Cloud speech recognition
Although the Web Speech API offers a convenient way to start building voice features in your web app, it does have some limitations:
- Browser support is limited. On other browsers, voice features won't work natively and will need to be replaced by fallback features. This can result in a fragmented user experience across browsers. One example is Duolingo, which only offers its voice exercises on Chrome
- Across the browsers that do support it, implementations are different:
- Words may be transcribed correctly by some browsers but not by others
- Words may be transcribed incorrectly in different ways
- Words may be formatted differently
- Implementations across browsers are upgraded in a different cadence and something that worked previously in one browser might not work in the next upgrade
So what is the alternative?

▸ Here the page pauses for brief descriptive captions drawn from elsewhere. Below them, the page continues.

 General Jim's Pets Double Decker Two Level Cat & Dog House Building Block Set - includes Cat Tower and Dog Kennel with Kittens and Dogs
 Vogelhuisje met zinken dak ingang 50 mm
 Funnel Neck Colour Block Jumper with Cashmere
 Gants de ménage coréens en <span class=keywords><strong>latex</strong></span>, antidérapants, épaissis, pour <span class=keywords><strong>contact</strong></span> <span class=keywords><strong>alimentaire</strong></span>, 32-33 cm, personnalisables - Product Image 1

How can we make a voice-driven web app that works consistently across all browsers? The answer is to pick your favourite cloud vendor and use whatever speech recognition service they offer. That means you will need a web client that can do the following:
- Get audio from the microphone
- Stream that audio to the service
- Process the transcription stream that comes back
Building this yourself can be tricky, so you may want to use a web client written by the cloud vendor (if they have one!) or use a polyfill for the Web Speech API. What's a polyfill though?

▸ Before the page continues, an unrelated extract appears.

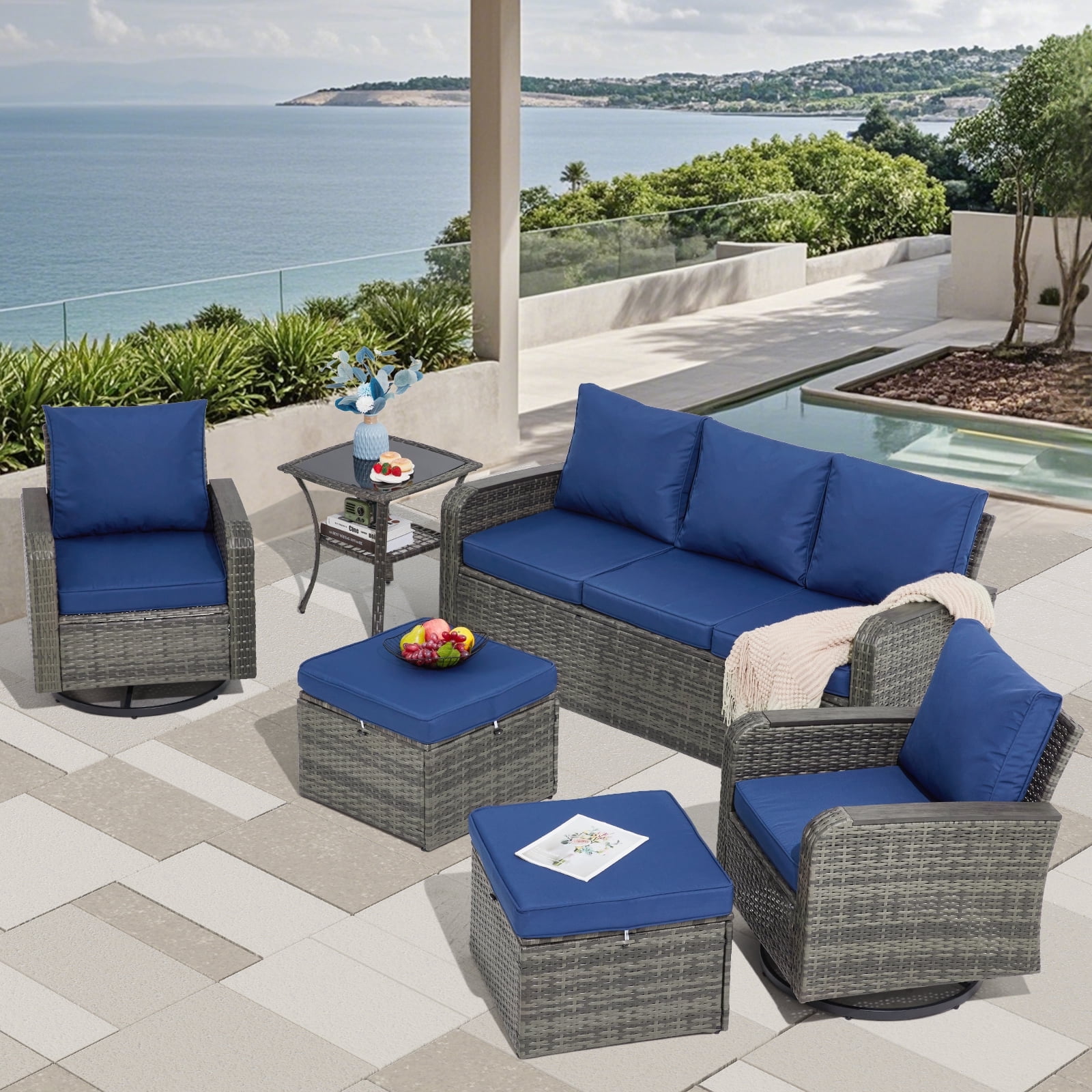 6 Pieces Wicker Patio Furniture Sets, Outdoor Conversation Set PE Rattan Sectional Sofa Couch with Swivel chairs Ideal for Indoor Porch Deck Bistro Lawn Garden Backyard Poolside-Blue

A polyfill is a piece of code that implements missing browser functionality. The Web Speech API doesn't exist on many browsers, so there are polyfills that fill in that gap, using a specific cloud vendor to provide the speech recognition under the hood. The polyfill API itself will more or less meet the specification. This means that polyfills can easily be swapped out with either the native implementation on browsers that support the API natively, or with polyfills for other vendors if you choose to switch.
Building React apps with speech recognition
How can you integrate speech recognition in your web app? If you're a React developer, this is easy and doesn't require you to build any speech recognition client or know how to use the Web Speech API. The most popular solution is a package called react-speech-recognition. This is a React hook that passes transcripts from the microphone into your React app, and allows you to specify voice commands. It is compatible with any implementation of the Web Speech API, meaning you just need to plug in the polyfill for your chosen cloud vendor and it will work consistently across all browsers. It also works with native implementations (e.g. Chrome) out of the box and tells your React app when the browser doesn't support the API natively. This is handy for building prototypes without needing to set up a cloud vendor account.
You can get started with a basic example here.
Web speech recognition still has a young ecosystem, with some notable gaps:
- Lack of browser support
- Limited selection of polyfills
- Limited support for other web frameworks such as Vue
The goal of this website is to educate web developers about web speech recognition and encourage them to fill these gaps. The easier it is to build voice-driven web apps, the more that will get built and be of higher quality. This will improve the technology and best practices in this area, ultimately leading to better user experiences!